There's nothing quite as wonderful as a fed-up and fired-up Tim Gunn. The candid "Project Runway" mentor recently took aim at the fashion industry in a guest blog for the Washington Post, headlined, "Tim Gunn: Designers refuse to make clothes to fit American women. It's a disgrace."
He included "Project Runway" in his critique, and re-shaded last year's "Project Runway" Season 14 -- which he openly hated -- for honoring Ashley Nell Tipton's designs just because they were for plus-size women, even though he and others felt the unflattering clothes only made women look even larger. In Tim's eyes, her win was a patronizing statement that said all the wrong things.
Here are some excerpts from Tim's post:
I love the American fashion industry, but it has a lot of problems, and one of them is the baffling way it has turned its back on plus-size women. It's a puzzling conundrum. The average American woman now wears between a size 16 and a size 18, according to new research from Washington State University. There are 100 million plus-size women in America, and, for the past three years, they have increased their spending on clothes faster than their straight-size counterparts. There is money to be made here ($20.4 billion, up 17 percent from 2013).

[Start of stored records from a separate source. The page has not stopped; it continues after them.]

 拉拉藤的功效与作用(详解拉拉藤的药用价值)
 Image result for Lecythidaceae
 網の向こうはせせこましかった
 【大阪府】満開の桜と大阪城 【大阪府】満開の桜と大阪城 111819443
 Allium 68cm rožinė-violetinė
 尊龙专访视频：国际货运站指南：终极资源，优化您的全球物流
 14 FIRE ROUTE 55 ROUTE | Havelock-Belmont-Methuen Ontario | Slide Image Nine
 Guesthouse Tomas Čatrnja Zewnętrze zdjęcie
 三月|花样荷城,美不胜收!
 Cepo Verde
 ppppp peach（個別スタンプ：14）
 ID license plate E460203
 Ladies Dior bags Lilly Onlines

But many designers — dripping with disdain, lacking imagination or simply too cowardly to take a risk — still refuse to make clothes for them.

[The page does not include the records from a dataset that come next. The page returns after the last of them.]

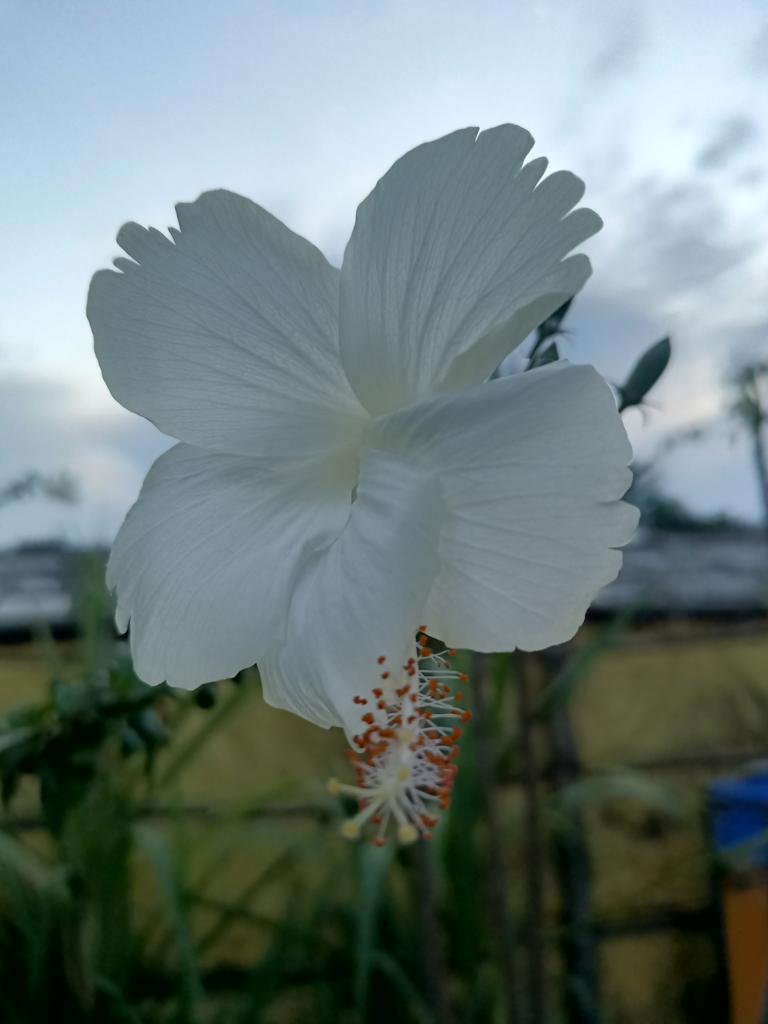 Srphotohub7's tweet photo. Natural flowers 
#photography
#srreyes https://t.co/pSKET9pENb
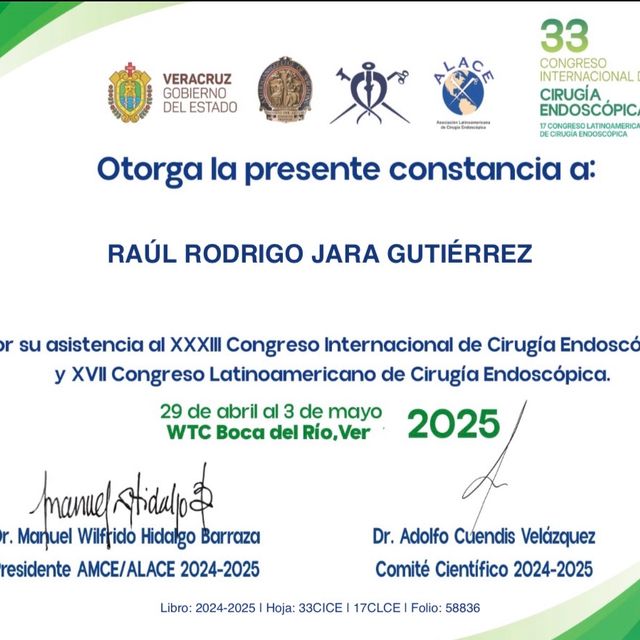 Ampliar imagen: certificate 3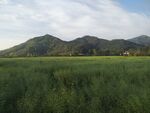 田野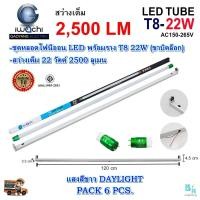 ราคา หลอดไฟนีออนพร้อมราง LED ชุดหลอดไฟ LED พร้อมราง T8 22 วัตต์ หลอดไฟ led แบบยาว โคมไฟ LED ชุดฟลูเซ็ท LED T8 22W IWACHI ขาบิดล็อก แสงสีขาว DAYLIGHT แพ็ค 6 ชุด (7114280144)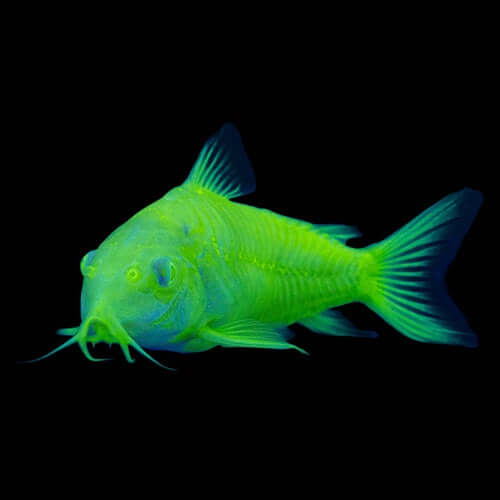 Electric Green Cory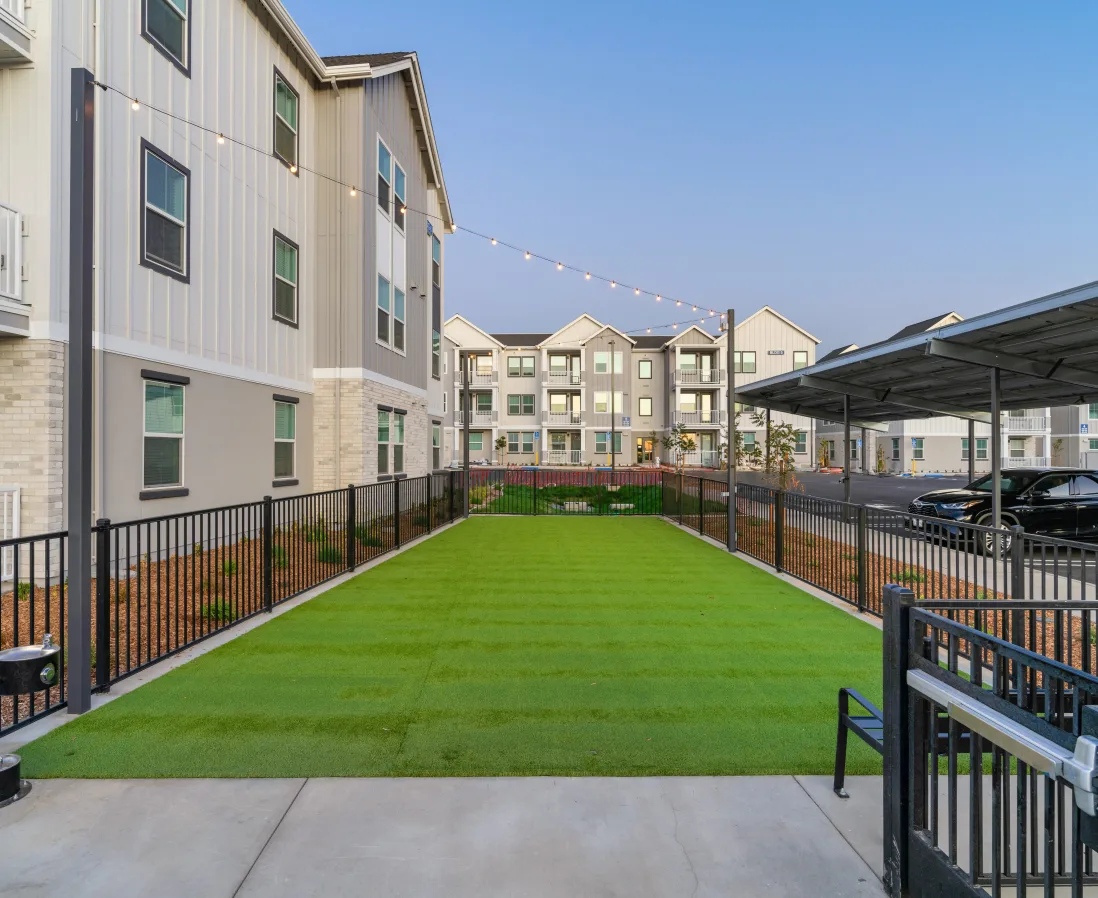 Green turf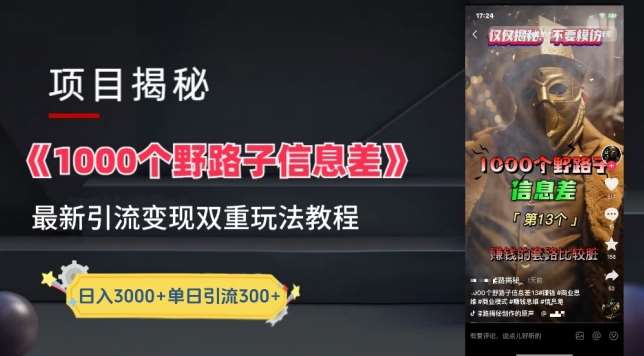 一千个野路子信息差最新玩法教程-变现+引流的玩法具体拆解【揭秘】-靠谱项目库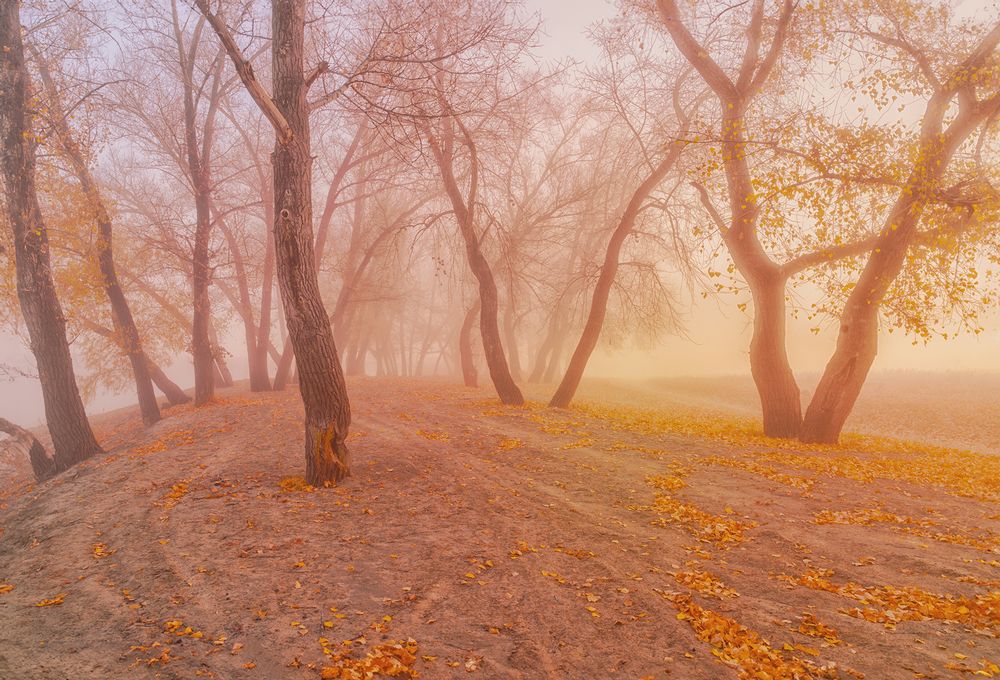 Photograph by Лариса Дука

I've spoken to many designers and merchandisers about this. The overwhelming response is, "I'm not interested in her." Why? "I don't want her wearing my clothes." Why? "She won't look the way that I want her to look." They say the plus-size woman is complicated, different and difficult, that no two size 16s are alike. Some haven't bothered to hide their contempt. "No one wants to see curvy women" on the runway, Karl Lagerfeld, head designer of Chanel, said in 2009. Plenty of mass retailers are no more enlightened: Under the tenure of chief executive Mike Jeffries, Abercrombie & Fitch sold nothing larger than a size 10, with Jeffries explaining that "we go after the attractive, all-American kid."
This is a design failure and not a customer issue. There is no reason larger women can't look just as fabulous as all other women. The key is the harmonious balance of silhouette, proportion and fit, regardless of size or shape.
"Project Runway," the design competition show on which I'm a mentor, has not been a leader on this issue. Every season we have the "real women" challenge (a title I hate), in which the designers create looks for non-models. The designers audibly groan, though I'm not sure why; in the real world, they won't be dressing a seven-foot-tall glamazon.
This season, something different happened: Ashley Nell Tipton won the contest with the show's first plus-size collection. But even this achievement managed to come off as condescending. I've never seen such hideous clothes in my life: bare midriffs; skirts over crinoline, which give the clothes, and the wearer, more volume; see-through skirts that reveal panties; pastels, which tend to make the wearer look juvenile; and large-scale floral embellishments that shout "prom." Her victory reeked of tokenism. One judge told me that she was "voting for the symbol" and that these were clothes for a "certain population." I said they should be clothes all women want to wear. I wouldn't dream of letting any woman, whether she's a size 6 or a 16, wear them. A nod toward inclusiveness is not enough."
There's a lot more to his full post, including a breakdown of the business lost and more opportunities for change. He's a treasure. And he's right -- there are millions of women just waiting to give their money to someone who will make them flattering clothes. Capitalism should be supplying this demand.
Anyway, more Tim Gunn is ahead starting this week with the Thursday, September 15 premiere of "Project Runway" Season 15 on Lifetime.